If you want the Ollama service to run with interleaved memory:

  1. Edit override: sudo systemctl edit ollama.service
  2. Add:
[Service]
ExecStart=
ExecStart=/usr/bin/numactl --interleave=all /usr/local/bin/ollama serve
  1. Reload & restart:
sudo systemctl daemon-reload
sudo systemctl restart ollama

If you only want to pin to specific NUMA nodes for experiments, use --cpunodebind and --membind options of numactl.

Thread counts

  • OLLAMA_NUM_THREAD can be used if you must limit or set explicit CPU threads. Default behavior is usually good; only change after measurement.

Warnings: incorrect CPU pinning can reduce throughput; benchmark and measure (htop, perf, or numastat) after changes. See Ollama and community reports about NUMA issues — sometimes fixes originate in llama.cpp and Ollama follows upstream.

7. Running multiple Ollama instances (best throughput for many concurrent clients)

When you need maximum throughput for many simultaneous requests, prefer one server instance per GPU (data parallelism).

Pattern

  • Start N Ollama servers, each with environment restricting it to a single GPU and a distinct port.
  • Put a load balancer (Nginx, HAProxy, or app-level) in front.

Example script (Linux)

#!/bin/bash
# Start Ollama instance per GPU (example 2 GPUs)
# Adjust paths and absolute ollama binary path if needed.

# Instance 1: GPU 0, port 11434
CUDA_VISIBLE_DEVICES=0 OLLAMA_HOST=127.0.0.1:11434 ollama serve --port 11434 &

# Instance 2: GPU 1, port 11435
CUDA_VISIBLE_DEVICES=1 OLLAMA_HOST=127.0.0.1:11435 ollama serve --port 11435 &

Then configure your proxy to round-robin requests to 127.0.0.1:11434 and 127.0.0.1:11435.

Note: If you manage Ollama as systemd services for each instance, create separate unit files with distinct OLLAMA_HOST and Environment="CUDA_VISIBLE_DEVICES=..." entries.

8. ExecStart errors & how to fix them

Error observed: Service has more than one ExecStart= setting, which is only allowed for Type=oneshot services.
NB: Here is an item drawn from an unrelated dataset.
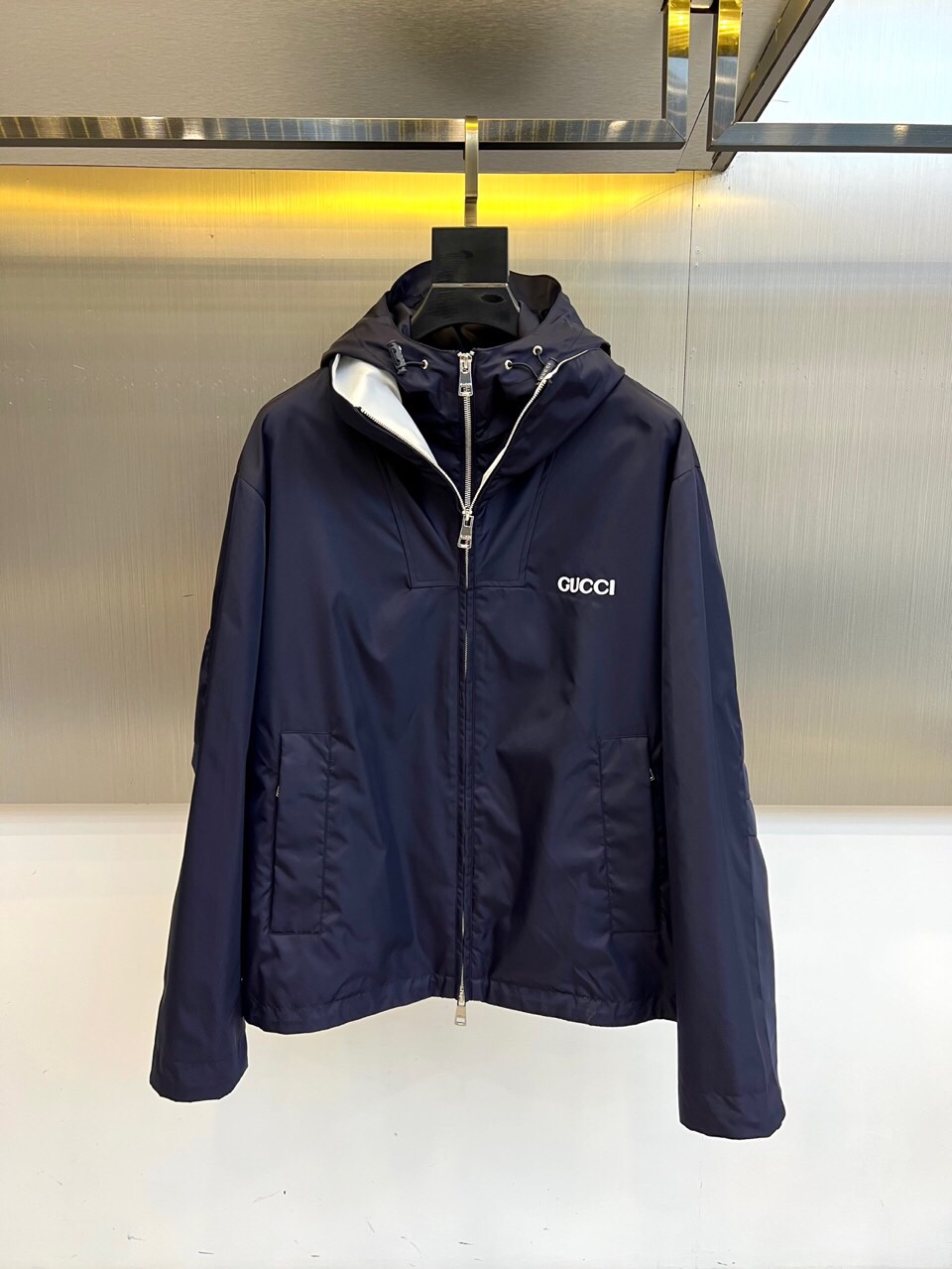 NO:513607,Gucc, 25s autumn and winter new hooded jacket, fake two-piece design. Classic design, details wins. Deep midnight blue fabric with silver grey lining, collides to create a cool and high-end feeling. The white 'GUCCI' logo on the left chest is simple and eye-catching, with metal zippers and three-dimensional tailoring outlines, and the hooded design takes into account both practicality and street style. Texture game between light and shadow The cool metal frame and warm yellow light strips intertwined to set off the low-key luster of the jacket. Whether it is business and leisure or urban exploration, a piece of light and night scenes can be easily controlled and become a style symbol in the wardrobe that never fades. Each stitch inherits the century-old ingenuity of GUCCI. The label and lining hide the brand genes, suitable for a modern gentleman who pursues 'no noise, self-sound'.  48-56 (model 173, 143 catties upper body 50 sizes), gucci, gucci, jackets & coats, hats, alexander wang19860909Gucc古驰、25s秋冬新品连帽夹克,假两件设计. 经典设计,细节制胜 深邃午夜蓝面料搭配银灰内衬,碰撞出冷冽高级感.左胸白色“GUCCI”徽标简约醒目,金属拉链与立体剪裁勾勒利落轮廓,连帽设计兼顾实用与街头格调. 光影间的质感游戏 冷调金属边框与暖黄灯带交织,衬托夹克的低调光泽.无论是商务休闲还是城市探索,一件轻松驾驭昼夜场景,成为衣橱中永不褪色的风格符号. 每一针脚皆承袭GUCCI百年匠心,标签与内衬暗藏品牌基因,适合追求“不喧哗,自有声”的现代绅士. 48-56（模特173,143斤上身50码）,,gucci,gucci,jackets & coats,hats,alexander wang,Men's clothing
Refusing

Cause: When you create a systemd override and add a new ExecStart= without clearing the original, systemd appends the new ExecStart to the existing one. Multiple ExecStart lines are valid only for Type=oneshot. To replace the service start command you must clear the existing ExecStart first.

Correct override example:

[Service]
# Clear original ExecStart
ExecStart=
# New ExecStart with numactl
ExecStart=/usr/bin/numactl --interleave=all /usr/bin/ollama serve
# Env vars
Environment="OLLAMA_SCHED_SPREAD=1"
Environment="OLLAMA_VISIBLE_DEVICES=0,1"

Then run:

sudo systemctl daemon-reload
sudo systemctl restart ollama

If you still get errors:

  • Make sure you edited the system service (sudo systemctl edit ollama.service) and not a user service.
  • Confirm no other drop-in overrides exist that re-add ExecStart (check /etc/systemd/system/ollama.service.d/ and systemctl cat ollama.service).
  • Revert to packaged file if needed and retest (sudo systemctl revert ollama.service), then reapply a clean override.

9. Permissions, SELinux/AppArmor & filesystem notes

  • The ollama system user must have read/write to OLLAMA_MODELS on Linux installers. If you installed via a system package, Ollama often runs as a dedicated user — chown the directory accordingly:
    sudo chown -R ollama:ollama /path/to/OLLAMA_MODELS.
  • If using external mount (NFS, CIFS), watch out for permission mapping and performance implications. Prefer local NVMe/SSD for fastest model load.
  • SELinux/AppArmor: if enabled, ensure policy allows Ollama to access the configured directory and to use GPUs (NVIDIA’s drivers often require specific permissions). On Ubuntu Server, AppArmor profiles may block unusual paths — test with logs and temporarily set permissive mode when debugging.
  • Symbolic links are an alternative: you can symlink the default .ollama/models directory to your big disk. This is a quick workaround but less explicit than OLLAMA_MODELS.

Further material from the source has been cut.